Package 'tv'

Title: Tools for Creating Time-Varying Datasets
Description: Create a time-varying dataset using features, exposure, and look back specifications.
Authors: Ethan Heinzen [aut, cre], Patrick Wilson [ctb], Brendan Broderick [ctb], Peter Martin [ctb]
Maintainer: Ethan Heinzen <[email protected]>
License: GPL (>= 2)
Version: 2.1.0
Built: 2025-01-16 04:53:40 UTC
Source: https://github.com/eheinzen/tv

Help Index


Create a time-varying dataset

Description

Create a time-varying dataset

Usage

time_varying(
  x,
  specs,
  exposure,
  ...,
  grid.only = FALSE,
  time_units = c("days", "seconds"),
  id = "pat_id",
  sort = NA,
  n_cores = parallelly::availableCores(omit = 1)
)

check_tv_data(x, time_units, id, sort)

check_tv_exposure(x, expected_ids, time_units, id, ..., check_overlap = TRUE)

check_tv_specs(specs, expected_features = NULL)

Arguments

x

A data.frame with four columns: <id>, "feature", "datetime", "value"

specs

a data.frame with four columns: "feature", "use_for_grid", "lookback_start", "lookback_end", "aggregation". See details below.

exposure

a data.frame with (at least) three columns: <id>, "exposure_start", "exposure_stop"

...

Other arguments. Currently just passes check_overlap.

grid.only

Should just the grid be computed and returned? Useful only for debugging

time_units

What time units should be used? Seconds or days

id

The id to use. Default is "pat_id"

sort

Logical, indicating whether to sort the data before performing the analysis. By default (NA), sorting is only done when useful (that is: x$datetime is a POSIXct and time_units == "days"). A warning is issued when x$datetime is a Date to make the user aware that the input ought to be sorted to get the right answer.

n_cores

Number of cores to use. If slurm is being used, it checks the SLURM_CPUS_PER_TASK variable. Else it defaults to 1, for no parallelization.

expected_ids

A vector of expected ids based on the data.

check_overlap

Should overlap be checked among exposure rows? A potentially costly operation, so you can opt out of it if you're really sure.

expected_features

A vector of expected features based on the data.

Details

The defaults for specs are to use everything for the grid creation, and to set lookback_start=0, with a message in both cases. Currently supported aggregation functions include counting ("count" or "n"), last-value-carried forward ("last value" or "lvcf"), any/none ("any" or "binary"), time since ("time since" or "ts"), min/max/mean, and the special "event" (for which look backs are ignored).

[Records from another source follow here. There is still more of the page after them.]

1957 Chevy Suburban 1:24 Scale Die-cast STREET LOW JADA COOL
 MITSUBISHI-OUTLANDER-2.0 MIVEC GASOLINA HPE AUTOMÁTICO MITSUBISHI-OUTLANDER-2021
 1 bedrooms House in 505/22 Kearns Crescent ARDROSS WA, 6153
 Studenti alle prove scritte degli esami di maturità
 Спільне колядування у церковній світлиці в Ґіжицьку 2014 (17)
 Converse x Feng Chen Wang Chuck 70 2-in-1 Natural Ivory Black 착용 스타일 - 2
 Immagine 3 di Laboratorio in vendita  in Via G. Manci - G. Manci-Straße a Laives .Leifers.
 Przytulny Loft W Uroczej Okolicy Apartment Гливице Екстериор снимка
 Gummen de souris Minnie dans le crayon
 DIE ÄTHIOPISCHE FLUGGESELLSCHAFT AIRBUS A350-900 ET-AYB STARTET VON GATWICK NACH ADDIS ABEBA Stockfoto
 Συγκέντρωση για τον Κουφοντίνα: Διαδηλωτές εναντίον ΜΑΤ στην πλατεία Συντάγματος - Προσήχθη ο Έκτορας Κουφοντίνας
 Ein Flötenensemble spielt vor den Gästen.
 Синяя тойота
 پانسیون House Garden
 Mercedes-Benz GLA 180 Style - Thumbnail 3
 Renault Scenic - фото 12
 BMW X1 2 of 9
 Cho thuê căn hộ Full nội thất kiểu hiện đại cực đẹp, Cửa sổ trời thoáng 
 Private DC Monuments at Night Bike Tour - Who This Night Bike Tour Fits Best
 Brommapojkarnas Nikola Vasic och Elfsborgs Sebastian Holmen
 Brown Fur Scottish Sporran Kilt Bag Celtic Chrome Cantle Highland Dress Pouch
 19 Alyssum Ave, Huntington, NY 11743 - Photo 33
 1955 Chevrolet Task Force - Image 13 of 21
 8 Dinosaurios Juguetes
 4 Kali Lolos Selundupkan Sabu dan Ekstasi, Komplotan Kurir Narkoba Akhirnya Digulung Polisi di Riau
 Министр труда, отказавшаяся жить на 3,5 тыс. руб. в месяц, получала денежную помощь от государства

The look back window begins at row_start - lookback_end and ends at row_start - lookback_start. Passing NA to either look back changes the corresponding window boundary to exposure_start.

Value

A data.frame, with one row per grid value and one column per feature specification (plus grid columns).

Examples

data(tv_example)
  time_varying(tv_example$data, tv_example$specs, tv_example$exposure,
               time_units = "days", id = "mcn")

Time-varying aggregation functions

Description

Time-varying aggregation functions

Usage

tv_count(value, ...)

tv_any(value, ...)

tv_lvcf(value, datetime, ...)

tv_ts(datetime, current_time, ...)

tv_min(value, ...)

tv_max(value, ...)

tv_mean(value, ...)

tv_median(value, ...)

tv_sum(value, ...)

Arguments

value

A vector of values

...

Other arguments (not used at this time)

datetime

A datetime

current_time

The current grid row's time

Value

A scalar, indicating the corresponding aggregation over value or datetime.


Example data for time-varying

Description

Example data for time-varying

Usage

tv_example

Format

A list

data

The data

specs

The specs

See Also

tv